Dabei spielt sich die Handlung grossteils auf den Balkonen und in einem Wohnkomplex ab, der in solch bunten Farben gehalten wird, dass man manchmal glaubt, man sehe einen Fruchtsalat und keinen Film. Mit naturalistischem Kino hat die Inszenierung von Merlant, die durch ihre Rolle in «Portrait de la jeune fille en feu» von Céline Sciamma (die hier am Drehbuch mitschrieb) bekanntgeworden ist, ohnehin wenig zu tun.

Nacktheit in Nahaufnahme

Stattdessen folgt «Les femmes au balcon» der falschen Fährte einer überdrehten Komödie à la Almodóvar, um sich in eine feministische Horrorgroteske als Antwort auf klassische Hinterhoffilme wie Hitchcocks «Rear Window» zu verwandeln. Das klingt nach viel, und womöglich ist der Überschwang auch die grösste Schwäche dieses Films, der aus allen Rohren und mit wenig Subtilität gegen den «male gaze», Sexismus, männliche Rhetorik und so weiter ballert, um letztlich ziemlich wenig zu erzählen.

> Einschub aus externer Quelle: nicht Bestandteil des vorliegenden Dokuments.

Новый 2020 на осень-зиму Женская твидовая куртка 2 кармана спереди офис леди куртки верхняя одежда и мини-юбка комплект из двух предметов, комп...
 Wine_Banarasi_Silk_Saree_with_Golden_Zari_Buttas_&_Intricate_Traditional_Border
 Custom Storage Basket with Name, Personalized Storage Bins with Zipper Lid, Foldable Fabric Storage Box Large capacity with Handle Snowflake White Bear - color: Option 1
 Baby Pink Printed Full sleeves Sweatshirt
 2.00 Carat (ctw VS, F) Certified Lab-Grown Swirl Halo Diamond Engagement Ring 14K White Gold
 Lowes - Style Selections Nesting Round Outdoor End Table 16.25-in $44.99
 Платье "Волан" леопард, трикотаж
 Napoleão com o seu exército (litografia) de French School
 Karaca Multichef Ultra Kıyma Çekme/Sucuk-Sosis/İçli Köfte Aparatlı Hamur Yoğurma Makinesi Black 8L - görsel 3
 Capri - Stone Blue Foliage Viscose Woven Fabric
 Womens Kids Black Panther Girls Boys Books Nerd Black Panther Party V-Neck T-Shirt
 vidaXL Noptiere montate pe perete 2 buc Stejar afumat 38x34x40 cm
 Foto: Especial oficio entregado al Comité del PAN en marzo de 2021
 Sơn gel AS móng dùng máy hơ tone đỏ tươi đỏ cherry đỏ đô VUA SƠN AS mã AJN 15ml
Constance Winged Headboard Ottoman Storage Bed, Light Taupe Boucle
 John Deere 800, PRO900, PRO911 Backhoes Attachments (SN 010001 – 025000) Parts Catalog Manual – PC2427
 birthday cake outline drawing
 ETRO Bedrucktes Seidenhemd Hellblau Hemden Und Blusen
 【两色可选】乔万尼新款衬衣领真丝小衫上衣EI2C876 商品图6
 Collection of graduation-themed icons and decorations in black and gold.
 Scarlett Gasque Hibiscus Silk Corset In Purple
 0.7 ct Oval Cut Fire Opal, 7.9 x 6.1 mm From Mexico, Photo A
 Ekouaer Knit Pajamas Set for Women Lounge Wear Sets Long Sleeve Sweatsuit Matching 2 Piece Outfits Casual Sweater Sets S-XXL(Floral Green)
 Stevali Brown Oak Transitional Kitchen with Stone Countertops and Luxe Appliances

Was für Merlant zählt, ist die pure Geste und eine gewisse Kompromisslosigkeit. Nacktheit wird beiläufig in Nahaufnahme gezeigt, es wird gefurzt und gespuckt. Queeres Begehren entfesselt sich bei der Masturbation auf der metallenen Stuhllehne und beim Eintauchen der Hände in Pflanzenerde. Eine bemerkenswerte Szene beim Gynäkologen bricht mit der Tabuisierung des weiblichen Geschlechts im Kino. Der Film versteht sich als feministischen Urschrei, der sich gegen die üblichen Modi der Repräsentation wendet.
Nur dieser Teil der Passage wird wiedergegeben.